[Records contained in a dataset]
==================================================

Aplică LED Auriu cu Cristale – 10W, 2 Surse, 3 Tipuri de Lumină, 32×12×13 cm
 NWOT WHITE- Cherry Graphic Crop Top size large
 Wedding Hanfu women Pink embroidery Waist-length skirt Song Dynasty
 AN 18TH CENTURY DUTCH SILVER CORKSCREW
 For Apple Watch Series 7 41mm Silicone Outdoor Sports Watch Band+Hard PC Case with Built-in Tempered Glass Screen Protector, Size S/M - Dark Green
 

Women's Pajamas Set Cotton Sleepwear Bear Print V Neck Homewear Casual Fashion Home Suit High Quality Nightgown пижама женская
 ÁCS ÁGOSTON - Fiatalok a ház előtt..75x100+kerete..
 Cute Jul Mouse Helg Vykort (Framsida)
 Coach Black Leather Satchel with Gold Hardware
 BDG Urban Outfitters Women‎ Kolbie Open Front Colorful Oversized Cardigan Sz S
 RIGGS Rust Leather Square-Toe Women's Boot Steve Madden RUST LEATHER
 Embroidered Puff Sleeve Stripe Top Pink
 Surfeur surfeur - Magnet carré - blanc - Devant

==================================================

> _Exercise details_:
Which of the lines above contain "with"? Return them all.

> _Worked solution_:
 For Apple Watch Series 7 41mm Silicone Outdoor Sports Watch Band+Hard PC Case with Built-in Tempered Glass Screen Protector, Size S/M - Dark Green
 Coach Black Leather Satchel with Gold Hardware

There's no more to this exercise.